IMF says Irish bailout stoked fears of bias towards West
Published 03/07/2014 | 00:00
The International Monetary Fund (IMF) continues to be seen as a club for rich countries, limiting how much poor nations trust its advice as objective, the IMF's own auditor said in a stinging report.
The Independent Evaluation Office's report analysed its own studies over the past decade to see common patterns when the IMF falls short. The report also criticised how well the IMF's executive board oversees and guides the organisation, a global multilateral lender with 188 member countries.
The auditor found few cases of outright "asymmetric treatment" and noted it was hard to measure what objectivity means in practice. However, many of the IMF's members still believed the lender treated its bigger shareholders, including the US and Europe, more leniently than others, it said.

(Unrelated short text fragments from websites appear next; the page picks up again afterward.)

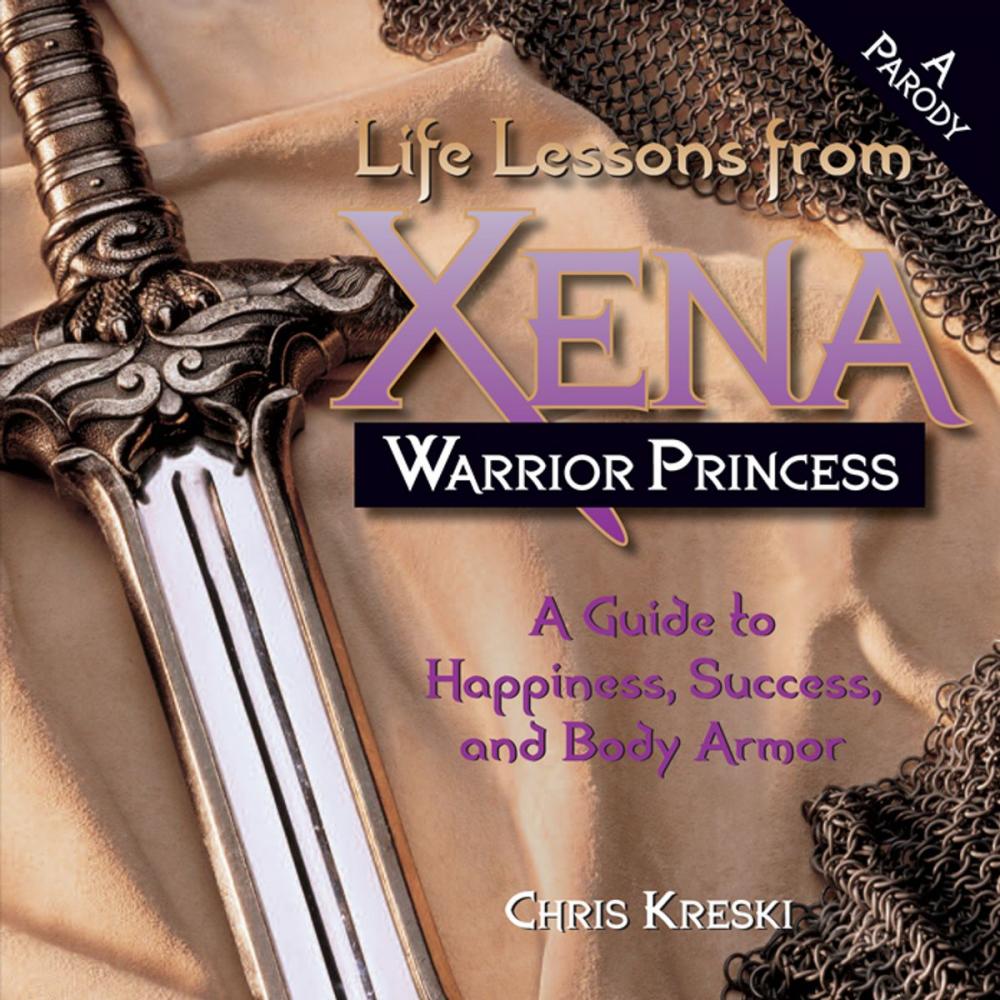 Big bigCover of Life Lessons from Xena Warrior Princess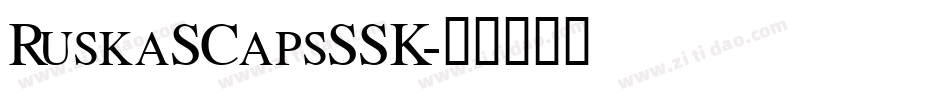 RuskaSCapsSSK字体转换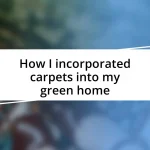 How I incorporated carpets into my green home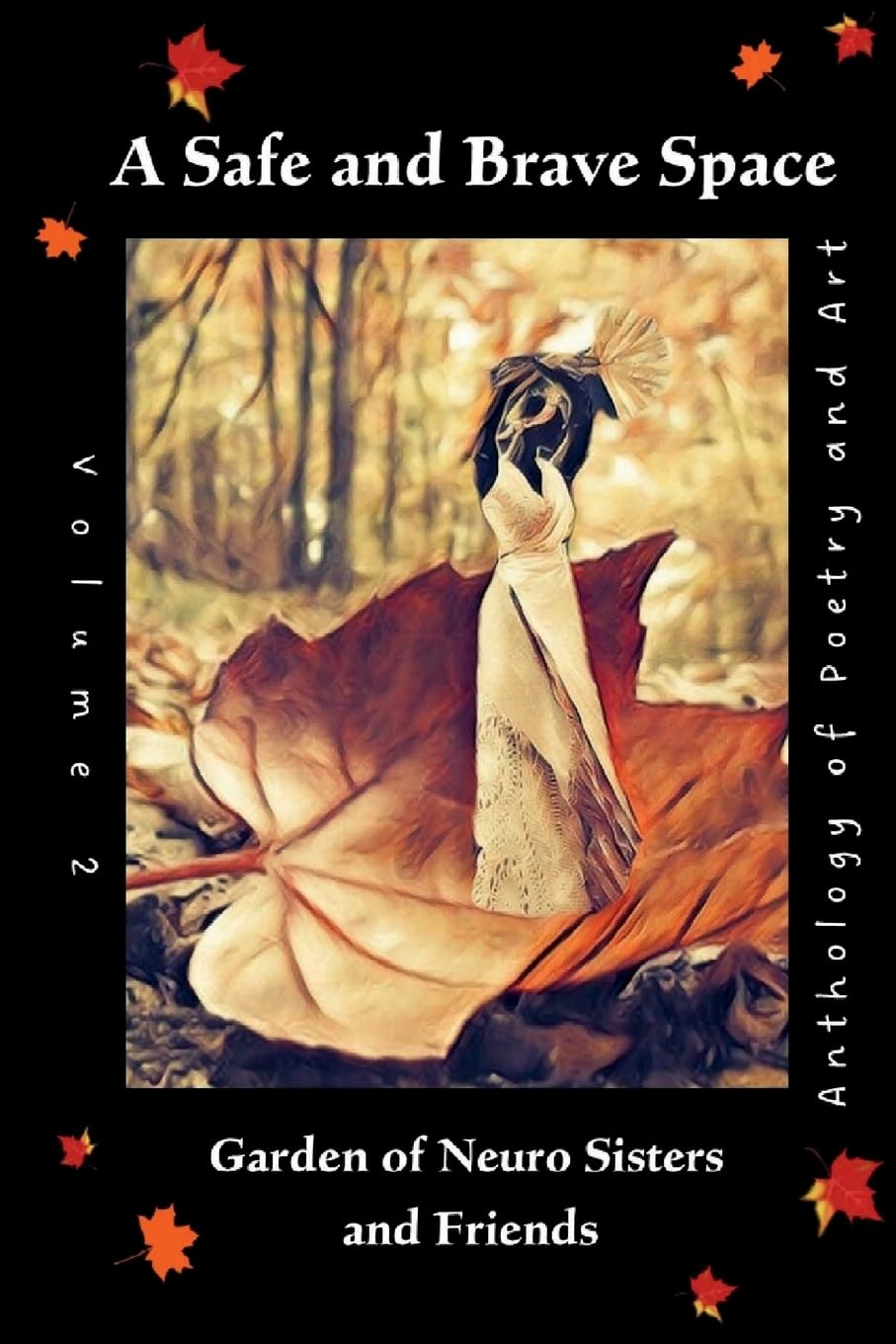 Safe and Brave Space Vol 2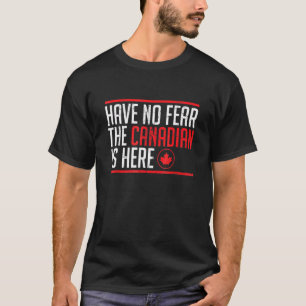 Camiseta No Tengan Miedo De Que El Canadiense Esté Aquí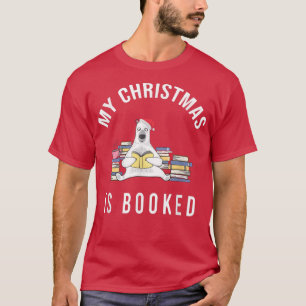 My Christmas is Booked Funny Cute Book Reader Bea T-Shirt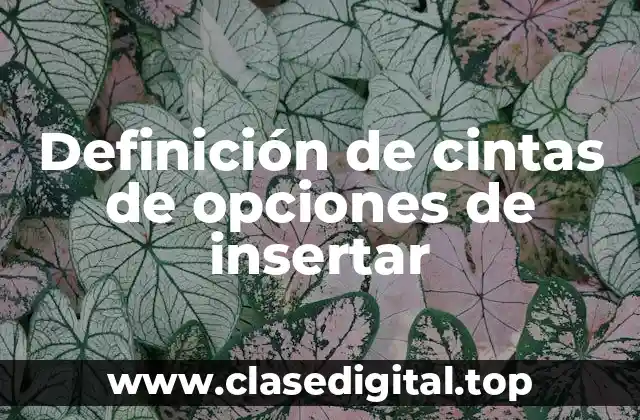 Definición de cintas de opciones de insertar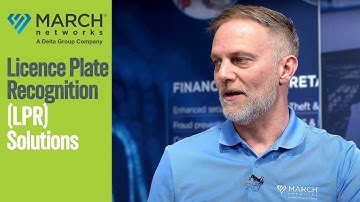 March Networks License Plate Recognition | AI-Powered Video Surveillance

The auditor found that IMF staff sometimes exercised self-censorship to avoid candid messages about risks to advanced economies - in contrast to their advice to smaller, poorer nations.
That perception was magnified when the IMF lent billions of dollars to eurozone countries in distress, including Ireland, Greece and Portugal, with loans that were much larger than the countries' economies.
"The Euro area programmes had created the perception that European member countries had excessive weight in the IMF's decisions relative to their economic power," according to the report.
Developing nations have longed viewed the IMF with suspicion for promoting disastrous privatisations that complicated the transition from communism for some emerging nations in the early 1990s, and for pushing budget cuts that exacerbated debt crises in Asia and Latin America a few years later.
That suspicion has been compounded by a power structure that gives greater weight to many European countries compared to the size of their economies.
The IMF is based in Washington and is traditionally headed by a European.
Reforms to the IMF's structure meant to give more power to emerging markets have been held up by the Congress of the United States, the IMF's biggest and most powerful member.
"Ultimately, the perception of lack of evenhandedness is rooted in the uneven distribution of decision-making power within the IMF," according to the internal report.
The report also said the IMF's 24-member board sometimes does not provide clear guidance or oversight of the IMF's strategic direction, as board members are caught between acting on behalf of the IMF or following the interests of the countries they represent.
The auditor suggested the IMF should do a better job of dealing with these persistent problems, instead of treating the IEO's advice as a "box-ticking exercise" that does not get to the heart of the problems.
The IMF's managing director Christine Lagarde said the IMF takes seriously concerns about not treating all members equally, and will continue to review this issue when designing its aid programmes.
The critical report was published in New York on the same day that Cameroon bowed to international pressure to cut some of its costly fuel subsidies.
The move pleased international donors calling for reforms but has in the past been reversed due to the threat of protests against subsequent price rise.
The IMF has for years called for subsidies, which cost around $600m a year, to be cut.
Cameroon has for decades pumped oil and is a significant cocoa producer but analysts say the country's potential has been stymied by a lack of reform and political stagnation under President Paul Biya, who has been in power since 1982.
But recalling deadly protests over fuel prices in 2008 and neighbouring Nigeria's failed bid to cut similar subsidies in 2012, Cameroon has repeatedly stalled the move.
The price of petrol at the pumps is now 650 CFA francs ($1.36) per litre and diesel prices have risen to 600 CFA francs, according to the statement.
The statement did not say how much the government would save from the move but said the subsidies cost 157 billion CFA francs in the first six months of this budget year.
In an effort to ease the impact of the rise in fuel prices, the government said it will start talks over increasing the minimum wage, among other measures.
The IMF said in May that Cameroon's fiscal deficit for 2014 would be 5.5pc of GDP, mainly due to fuel subsidies and a public investment programme.